_PROBLEM TO WORK ON_. Look through the listing below for the line containing "Table basse noire". Copy it and each line after it up to and including the line containing "KALKI FASHION - Green", exactly, leaving out pictures.

_AVAILABLE DATA_.
◇ ◇ ◇

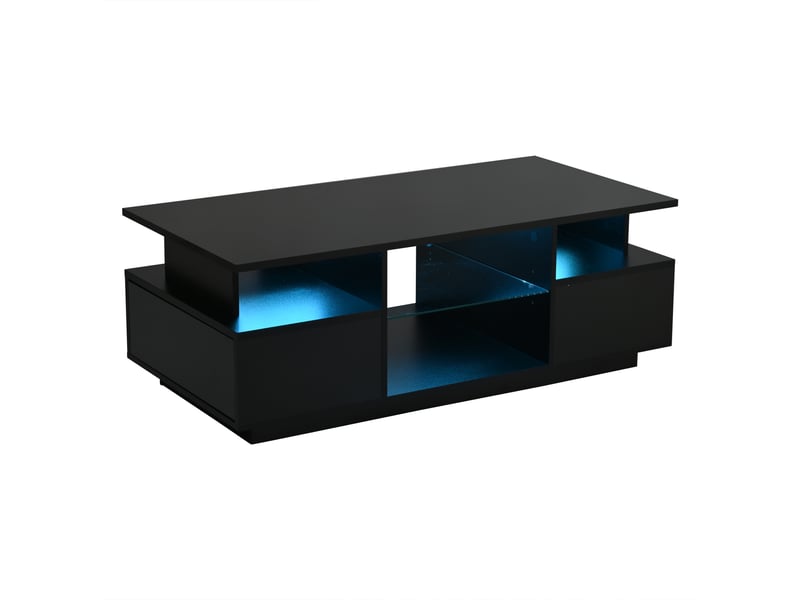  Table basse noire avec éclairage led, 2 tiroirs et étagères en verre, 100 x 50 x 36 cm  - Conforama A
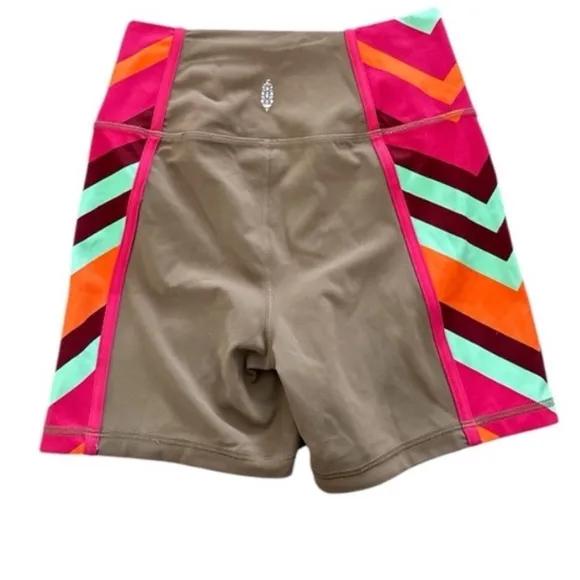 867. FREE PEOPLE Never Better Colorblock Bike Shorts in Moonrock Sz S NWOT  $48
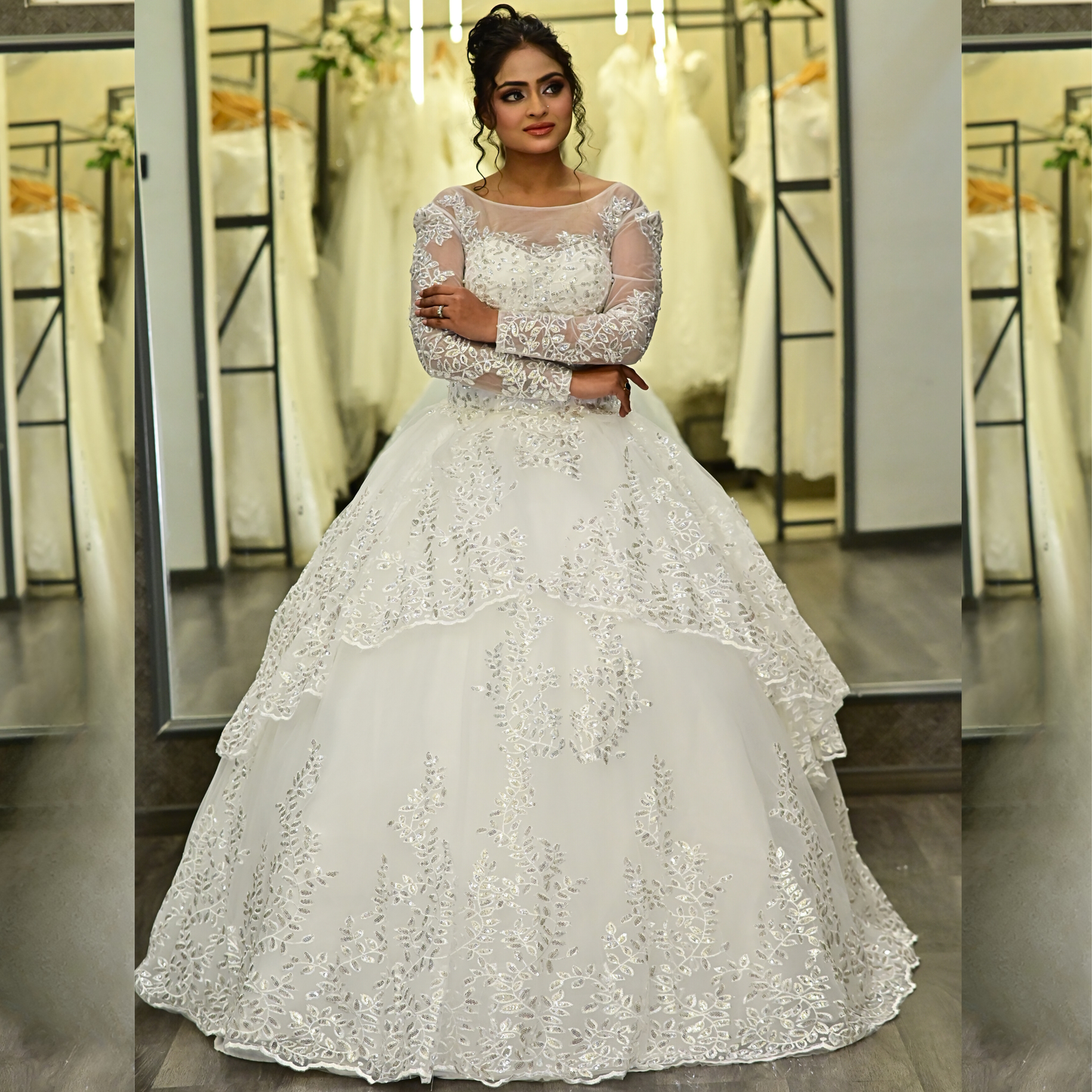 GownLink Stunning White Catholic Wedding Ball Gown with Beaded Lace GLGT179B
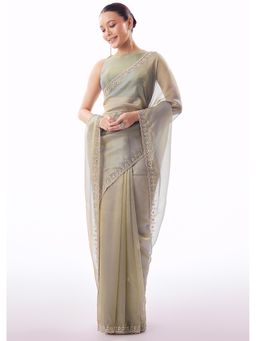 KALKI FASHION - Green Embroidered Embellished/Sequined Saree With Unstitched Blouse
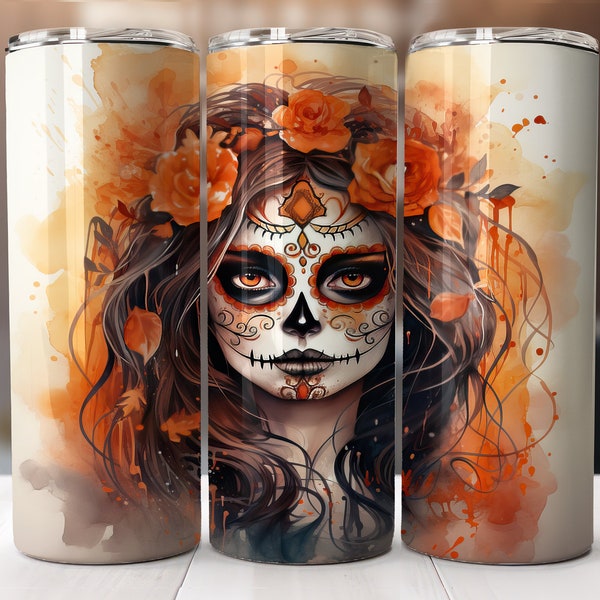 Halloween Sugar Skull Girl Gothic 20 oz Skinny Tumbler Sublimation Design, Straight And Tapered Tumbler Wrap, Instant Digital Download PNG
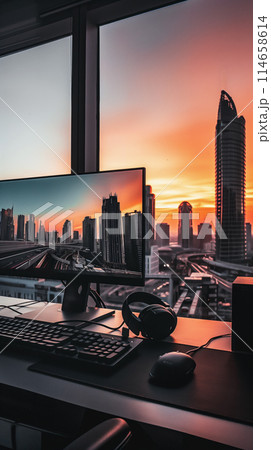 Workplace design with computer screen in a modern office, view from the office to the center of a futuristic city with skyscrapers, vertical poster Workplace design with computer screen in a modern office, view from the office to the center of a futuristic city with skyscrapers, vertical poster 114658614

◇ ◇ ◇

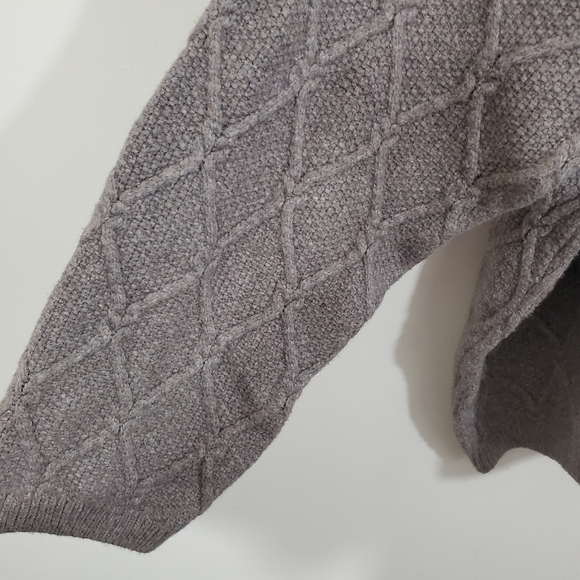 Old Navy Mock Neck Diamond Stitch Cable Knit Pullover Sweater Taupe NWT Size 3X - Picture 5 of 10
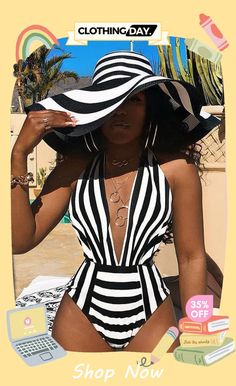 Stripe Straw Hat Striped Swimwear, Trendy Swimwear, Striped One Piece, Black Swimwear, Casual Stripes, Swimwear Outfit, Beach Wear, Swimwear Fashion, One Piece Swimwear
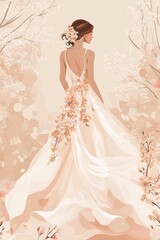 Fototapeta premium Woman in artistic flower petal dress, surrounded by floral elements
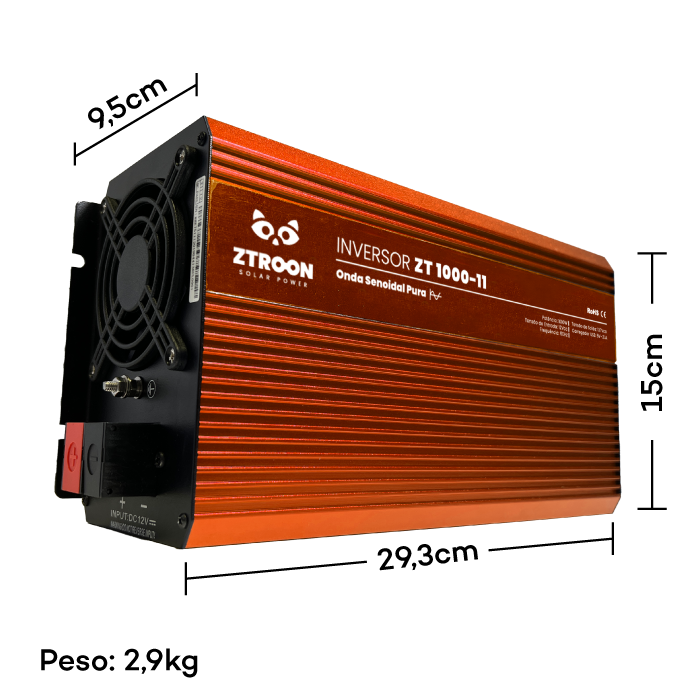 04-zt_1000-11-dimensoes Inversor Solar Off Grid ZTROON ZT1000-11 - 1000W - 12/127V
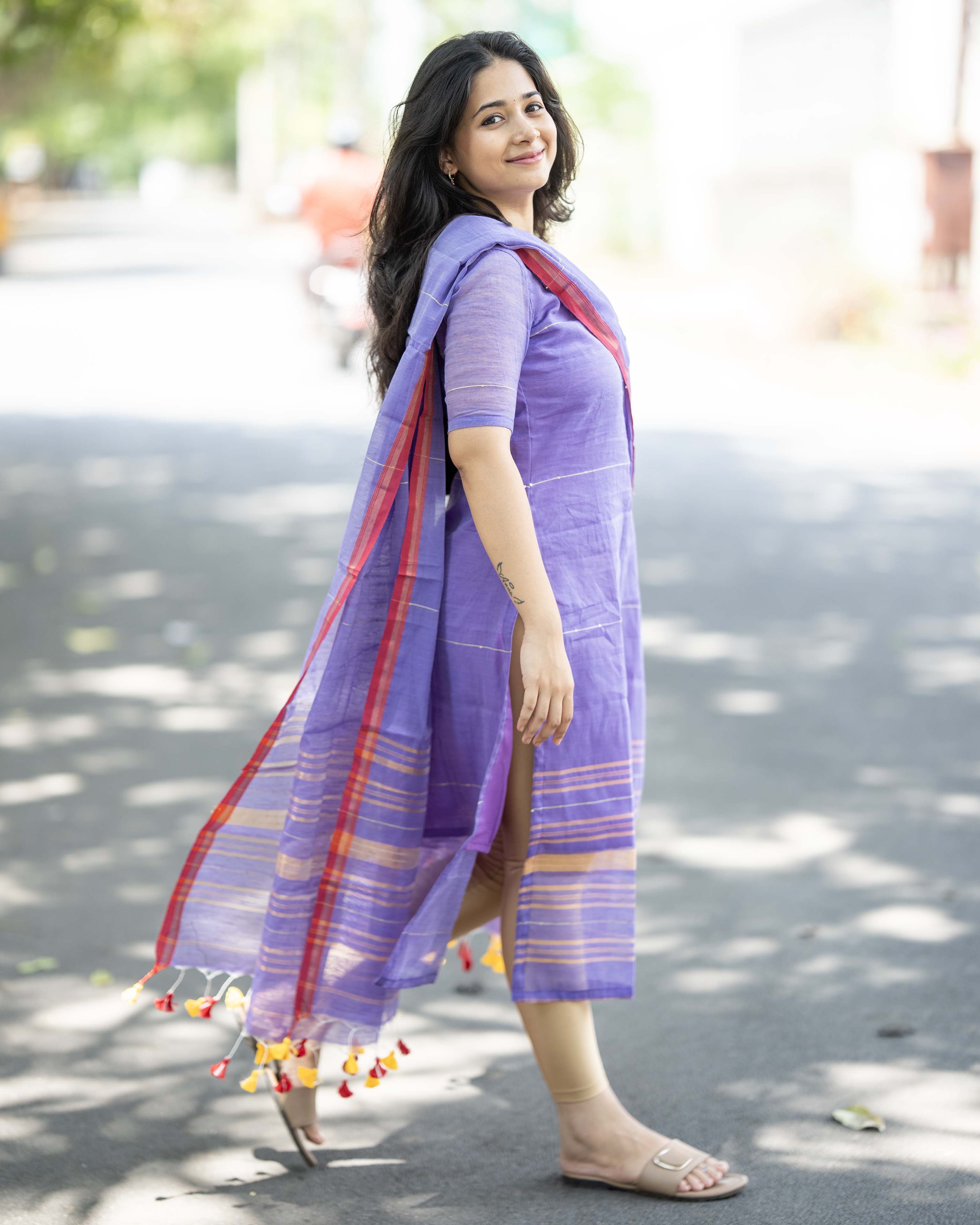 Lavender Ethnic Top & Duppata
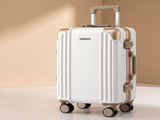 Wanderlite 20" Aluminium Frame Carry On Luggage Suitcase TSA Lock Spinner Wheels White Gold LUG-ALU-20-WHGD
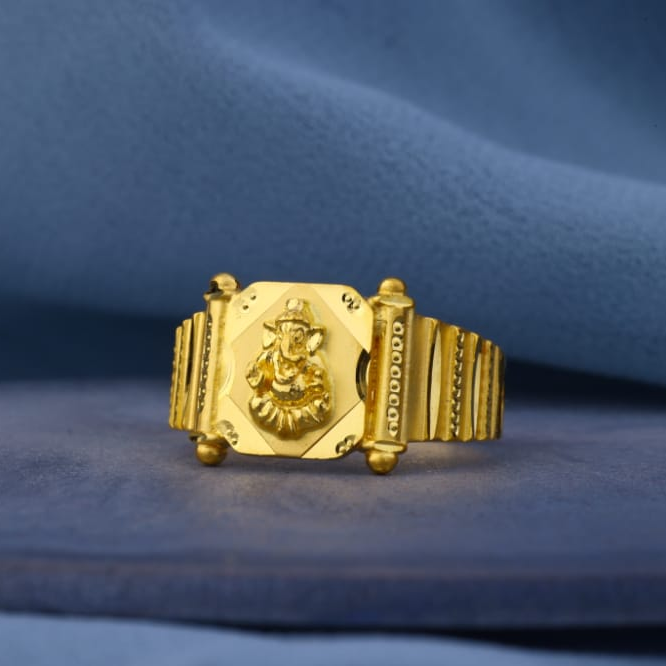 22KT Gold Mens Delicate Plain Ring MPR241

◇ ◇ ◇

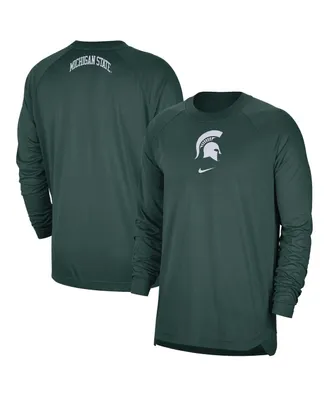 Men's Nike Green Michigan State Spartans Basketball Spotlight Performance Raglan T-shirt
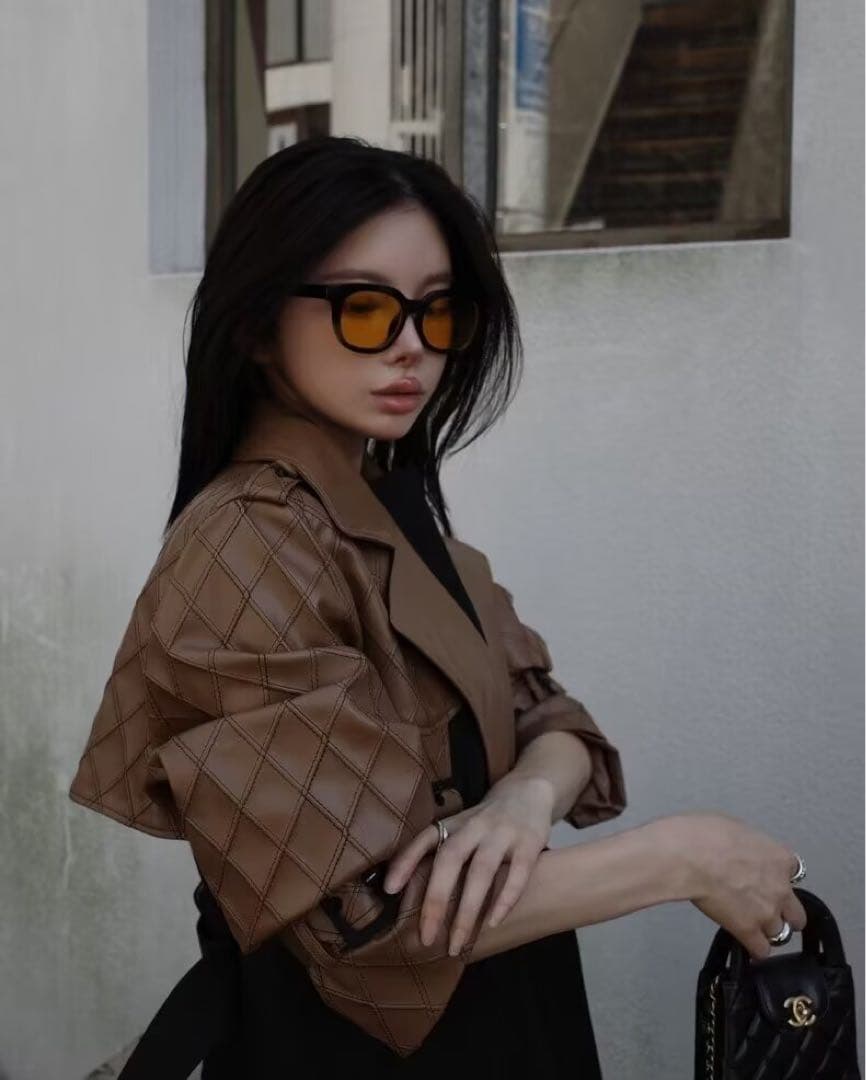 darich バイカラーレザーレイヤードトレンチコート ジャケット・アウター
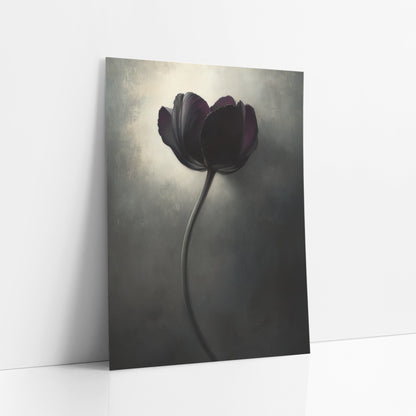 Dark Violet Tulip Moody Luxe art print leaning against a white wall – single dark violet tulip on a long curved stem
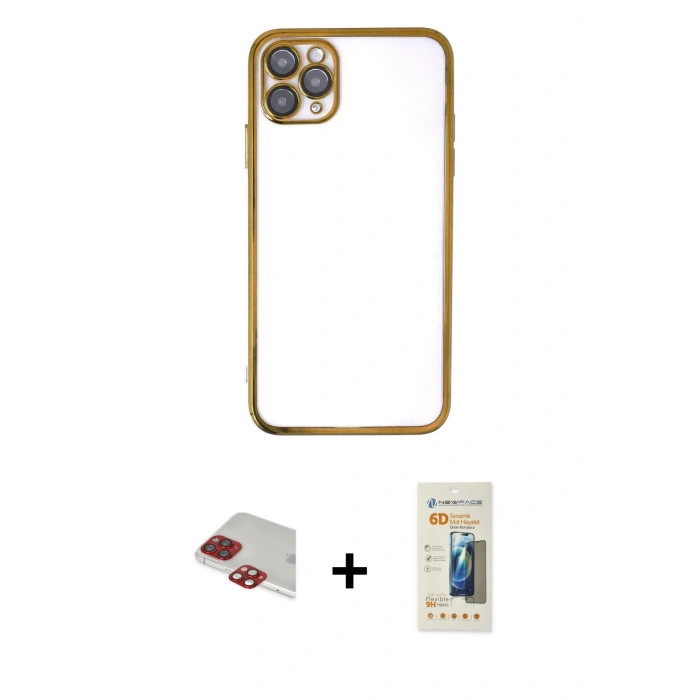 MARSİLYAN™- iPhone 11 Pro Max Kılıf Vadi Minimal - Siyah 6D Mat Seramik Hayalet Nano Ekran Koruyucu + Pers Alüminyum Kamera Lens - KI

◇ ◇ ◇

_RESULT_.
  Table basse noire avec éclairage led, 2 tiroirs et étagères en verre, 100 x 50 x 36 cm  - Conforama A
 867. FREE PEOPLE Never Better Colorblock Bike Shorts in Moonrock Sz S NWOT  $48
 GownLink Stunning White Catholic Wedding Ball Gown with Beaded Lace GLGT179B
 KALKI FASHION - Green Embroidered Embellished/Sequined Saree With Unstitched Blouse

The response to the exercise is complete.